As part of the Open Citations project, we have been asked to review and improve the process of importing data into the Open Citations Corpus, taking the scripts from the initial project as our starting point.
The current import procedure evolved from several disconnected processes and requires running multiple command line scripts and transforming the data into different intermediate formats. As a consequence, it is not very efficient and we will be looking to improve on the speed and reliability of the import procedure. Moreover, there are two distinct procedures depending on the source of the data (arXiv or PubMed Central); we are hoping to unify the common parts of these procedures into a single process which can be simplified and normalised to improve code re-use and comprehensibility.
As PubMed Central provides an OAI-PMH feed, this could be used to retrieve article metadata, and for some articles, full text. Using this feed, rather than an FTP download (as used currently) would allow the metadata import for both arXiv and PubMed Central to follow a near-identical process, as we are already using the OAI-PMH feed for arXiv.
Also, rather than have intermediate databases and information stores, it would be cleaner to import from the information source straight into a datastore. The datastore could then be queried, allowing matches and linking between articles to be performed in situ.
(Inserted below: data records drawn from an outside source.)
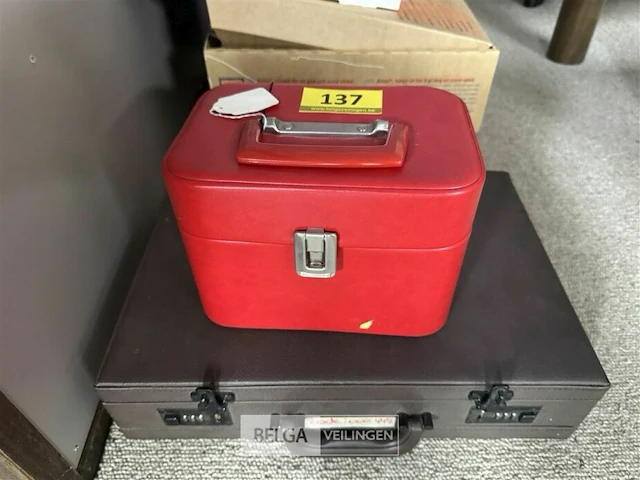 Diverse koffers - afbeelding 1 van  5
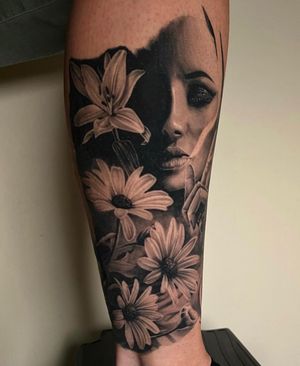 Image post by @skindesigntattoos on Instagram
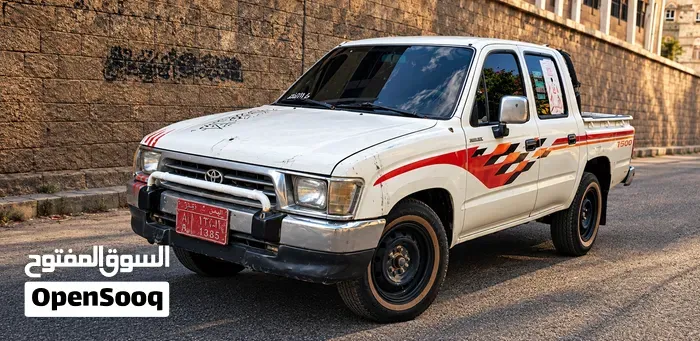 Toyota Hilux 1998 photo 3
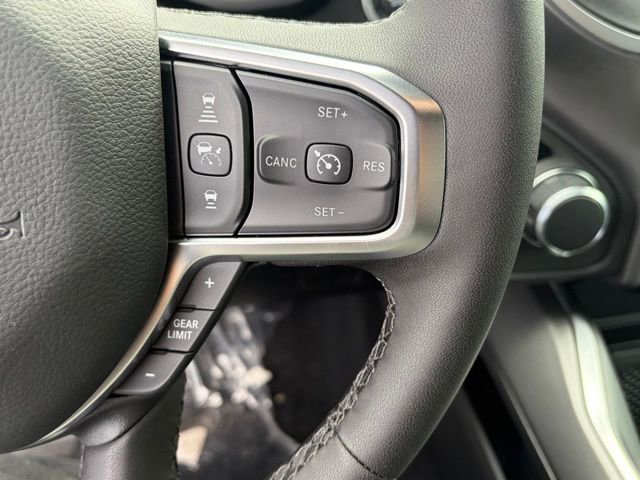New 2026 RAM 1500 4x4 Crew Cab image 18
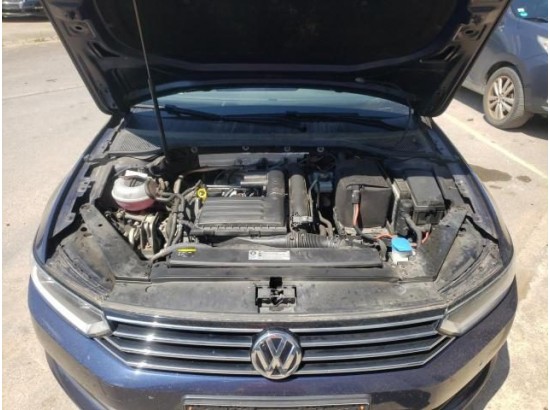 2016 Volkswagen Passat Variant Trendline BMT/Start-Stopp 2016 Volkswagen Passat Variant Trendline BMT/Start-Stopp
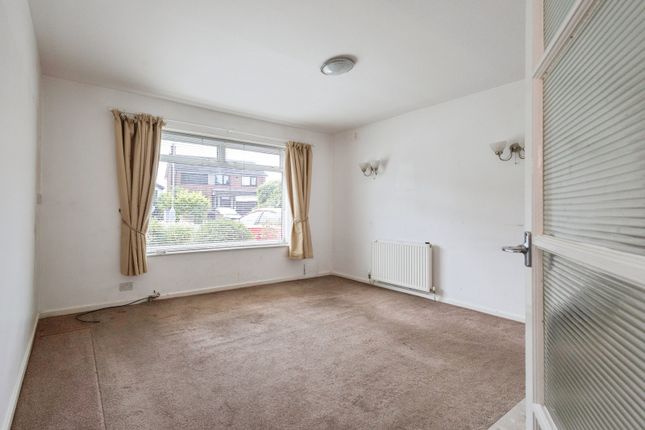 40, Millbrook Avenue, Manchester photo 2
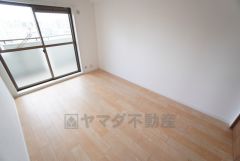 6帖。採光を確保した明るい室内は、風通しも良く、大変居心地の良い空間となっております。日当たりがよく、子供部屋としての利用もおすすめ。 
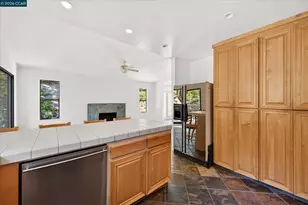 53 Sleepy Hollow Ln, Orinda, CA 94563 - Photo 13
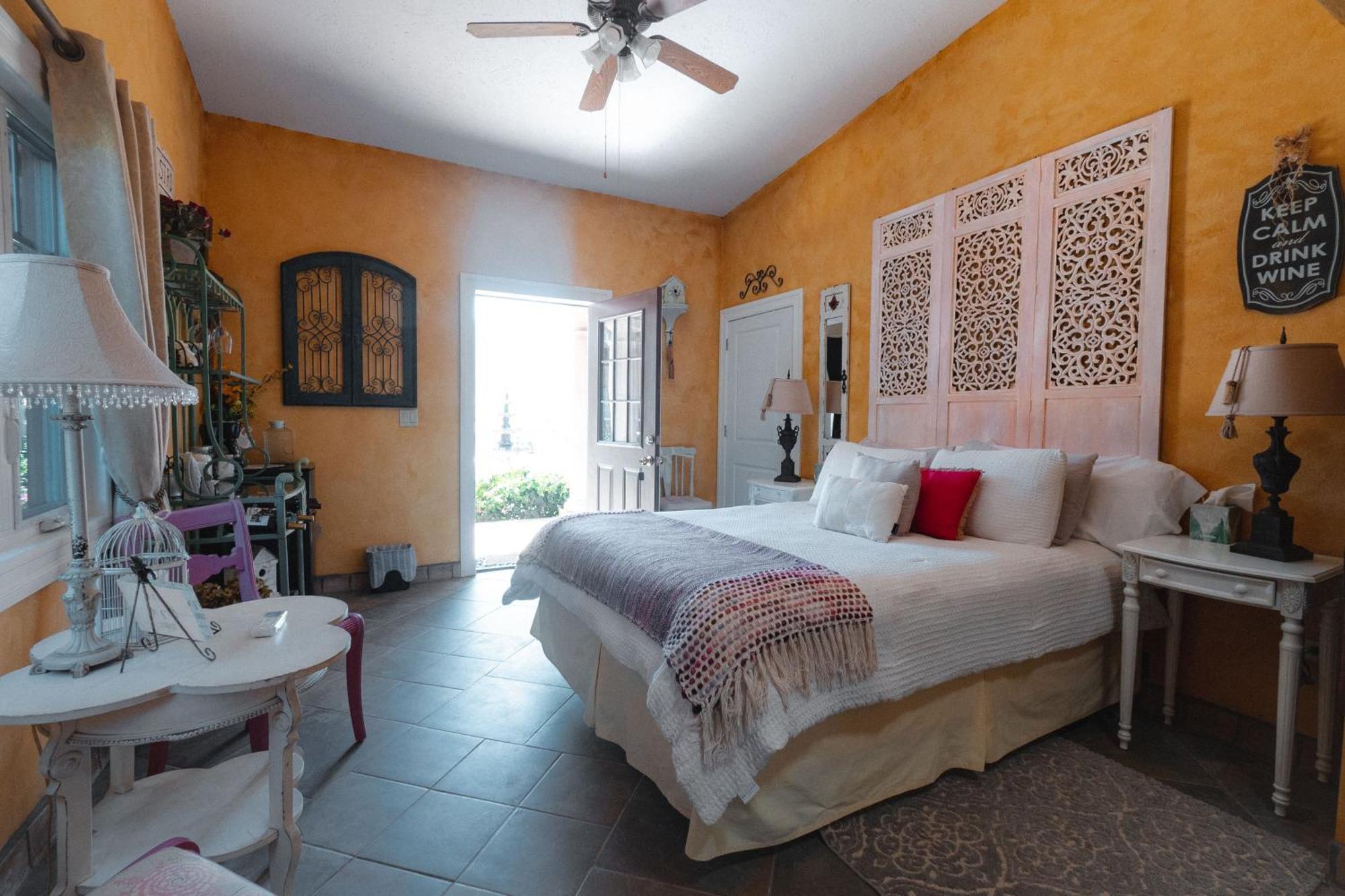 Vina Calabria Bed and Breakfast Valle de Guadalupe Εξωτερικό φωτογραφία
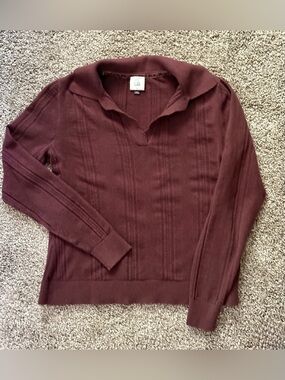 Cabi plum colored sweater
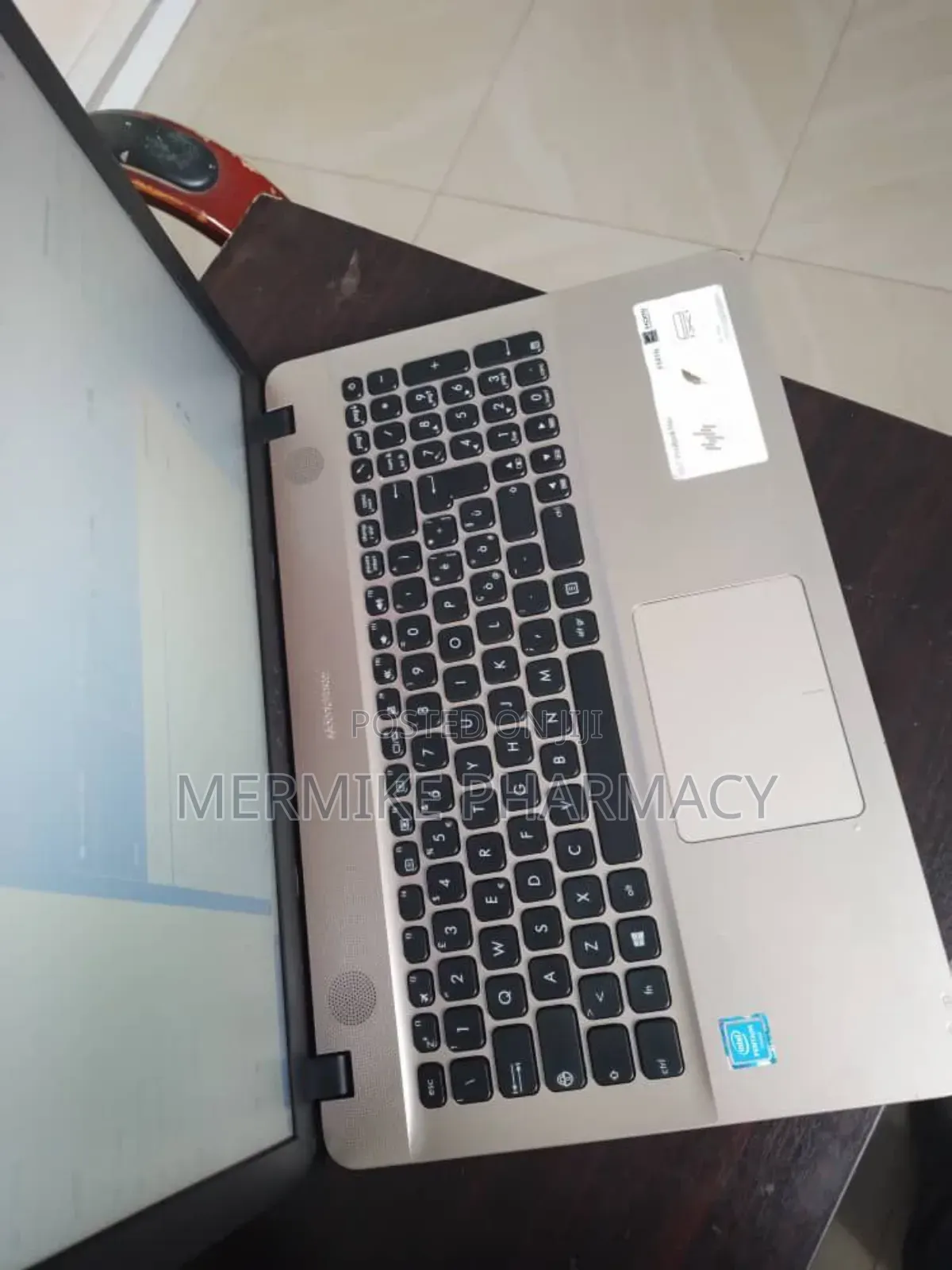 Laptop Asus VivoBook 15 X540NA 4GB Intel Core i3 HDD+SSD 256GB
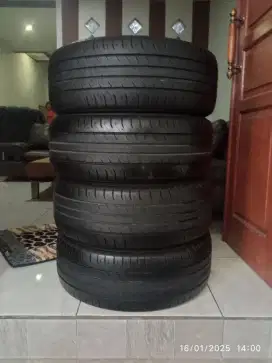 Dunlop SportMaxx 215/55R17 Copotan bks mbl HRV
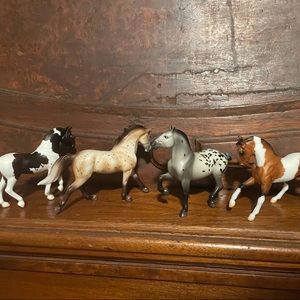Lot of 4 Breyer Special Run Stablemates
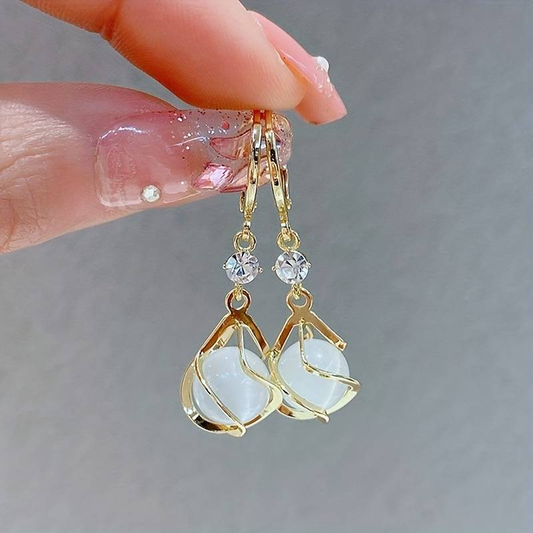 Pendientes dorados colgantes de ópalo blanco vintage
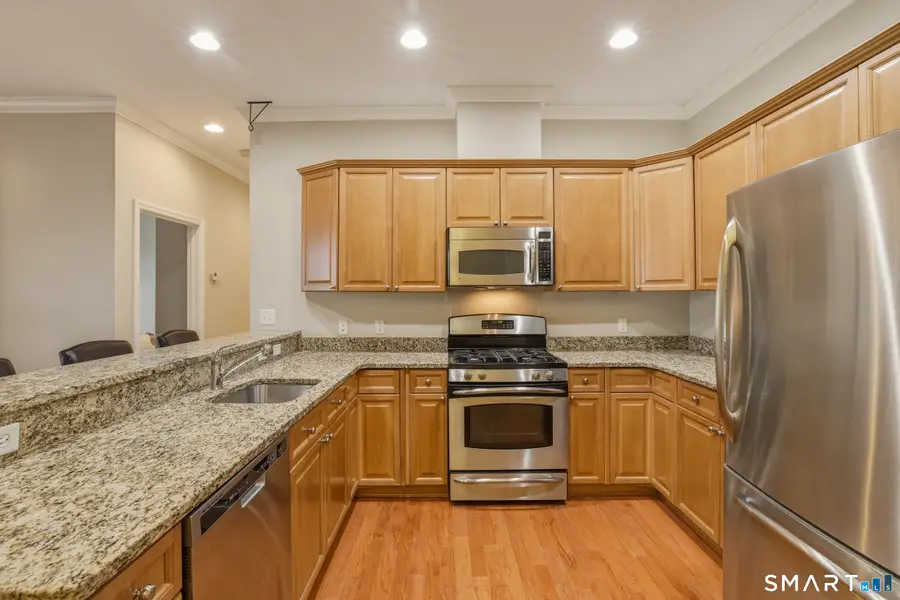 1 King Philip Drive #301, West Hartford, CT 06117 - #3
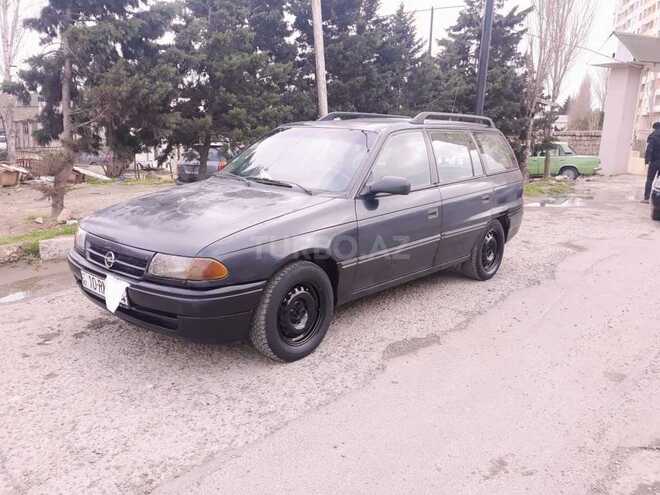 Opel Astra 1994, 325,000 km - 1.6 l - Bakı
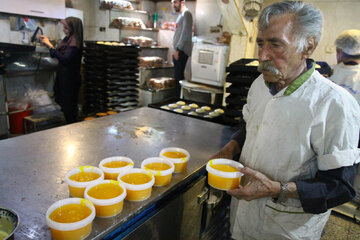 مراحل تولید حلوازرده، از شیرینی های سنتی و قدیمی همدان که در ماه مبارک رمضان طرفداران زیادی دارند.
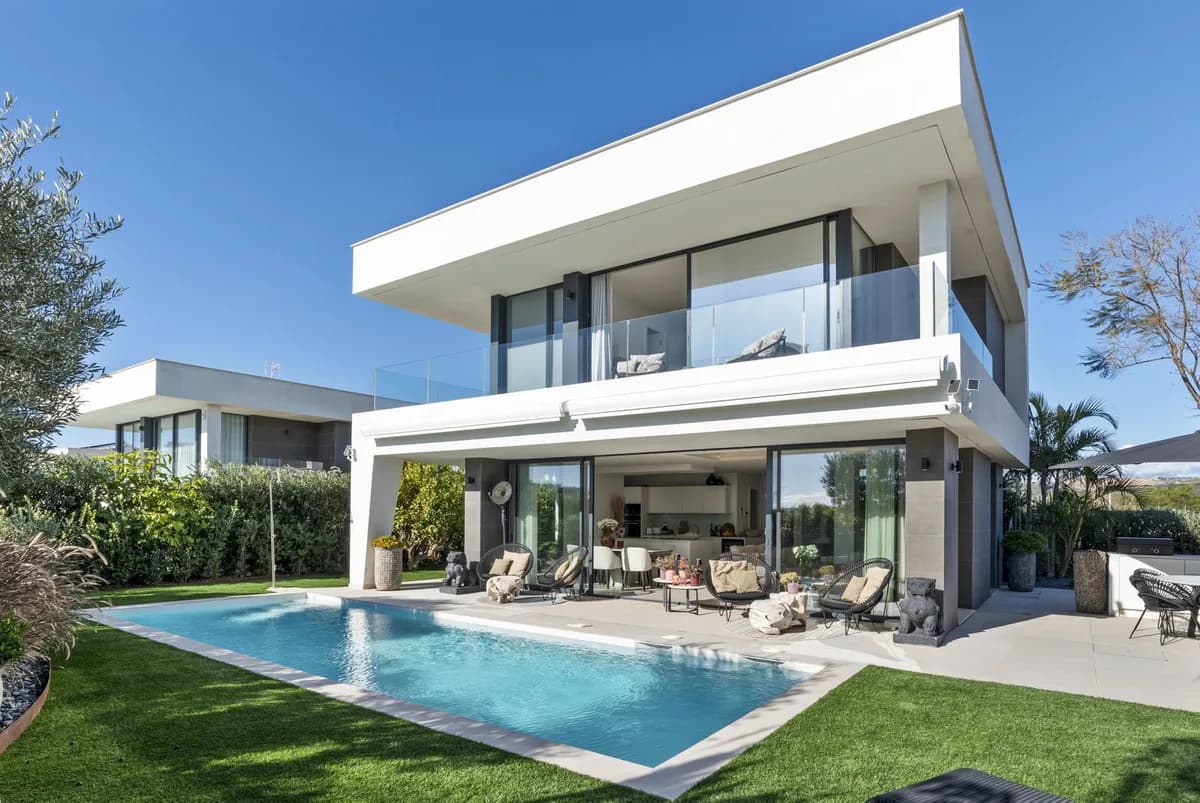 3 Bedroom Detached Villa for Sale in Manilva, Málaga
The process would therefore become:
- Pull new metadata from arXiv (OAI-PMH) and PubMed Central (OAI-PMH) and insert new records into the Open Citations Corpus datastore
- Pull new full-text from arXiv and PubMed Central, extract citations, and match with article data in Open Citations server, creating links between these references and the metadata records for the cited articles. Store unmatched citations as nested records in the metadata for each article.
- On a scheduled basis (e.g. nightly), review each existing article’s unmatched citations and attempt to match these with existing bibliographic records of other articles.
In outline, this looks like this:
Neo4J is currently used as the final Open Citations Corpus datastore for the arXiv data, by the Related Work system. We propose instead to use BibServer as the final datastore, for its flexibility and scalability, and suitability for the Open Citations use cases.
The Data Structure
The data stored within BibServer as BibJSON will be a collection of linked bibliographic records describing articles. Associated with each record and stored as nested data will be a list of matched citations (i.e. those for which the Open Citations Corpus has a bibliographic record), a list of unmatched citations, and a list of authors.
Authors will not be stored as separate entities. De-coupling and de-duplicating authors and articles could form the basis of a future project, perhaps using proprietary identifiers (such as ORCHID, PubMed Author ID or arXiv Author ID) or email addresses, but this will not be considered further in this work package.
The overall aim of this work is to provide a consistent, simple and re-usable import pipeline for data for the Open Citations Corpus. In the fullness of time we’d expect it to be possible to add new data sources with minimal additional complexity. By using an approach whereby data is imported into the datastore at as early a stage as possible in the import pipeline, we can use common tools for extracting, matching, deduplicating citations; the work for each datasource, then, is just to convert the source data format into BibJSON and store it in BibServer.